This Klansman — or Klanswoman, you can’t tell — represents the face of hatred: Hatred is cowardly and conceals its identity.
So we don’t notice when we begin to support Hatred. It conceals itself so well, that we don’t even realize when we’re feeding it.
We don’t usually know we are hating, when we are hating. Usually we feel like our feelings toward the hated person are justified feelings. We feel righteous in our anger, and often there is much merit in our logical arguments against whatever-it-is we are angry about.
The trouble is, hatred has a life of its own.
So hatred may start with a political candidate. It may start with targets that seem worthy of hate.
…but then slowly, insidiously, it makes its way into our repertoire, it becomes a basic response we have to people who frustrate us. Once practiced, hatred grows and wriggles its way into our everyday life.

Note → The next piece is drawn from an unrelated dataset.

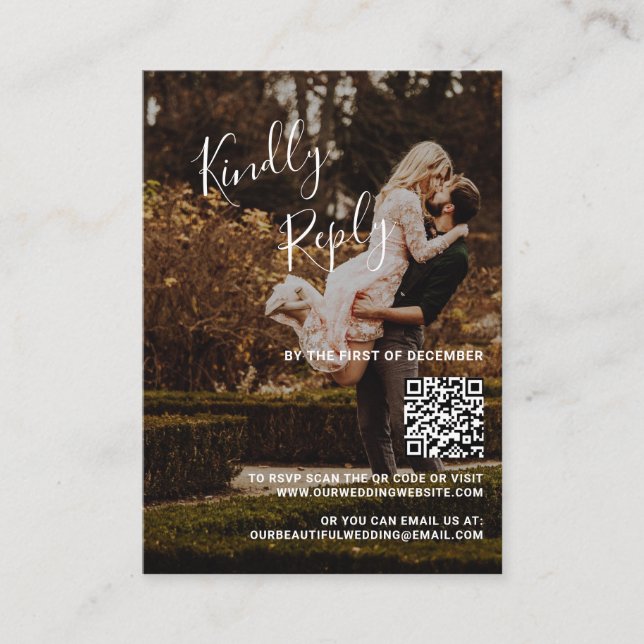 Elegant Photo QR Code Wedding Mini RSVP Card (Front)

We become similar to those we hate, and similar in precisely the ways that we hate them. We become haters. We love to hate haters, but what does that hate do to us?

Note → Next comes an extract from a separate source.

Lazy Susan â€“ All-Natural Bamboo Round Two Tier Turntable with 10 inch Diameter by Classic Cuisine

The antidote for hatred is lovingkindness.
Like hatred, lovingkindness tends to grow. It does not remain static. If we start to turn our energies toward those which we love, if we turn our thoughts to “easy targets” for love, that behavior of loving can grow and color our daily life.
In this political season, are you hating? Gosh, I know I sure am. But I am trying to be aware of what that hatred can do, and to practice lovingkindness by picturing those I love, and thinking kind and caring thoughts about them.
It is a very advanced practice to think kind thoughts about those who draw our anger out, those we might end up hating. I think I’ll wait til after the election to work on that!
At least, we can be kind to our frightened, angry, Inner Klansperson. We can be accepting that we, too, are capable of hatred. We do well to be kind to ourselves, forgiving of ourselves, in order that we may be at ease, and in order that we may practice lovingkindness toward others.
Which would you rather do, hate or love? You have this choice every day. And more so in an election year.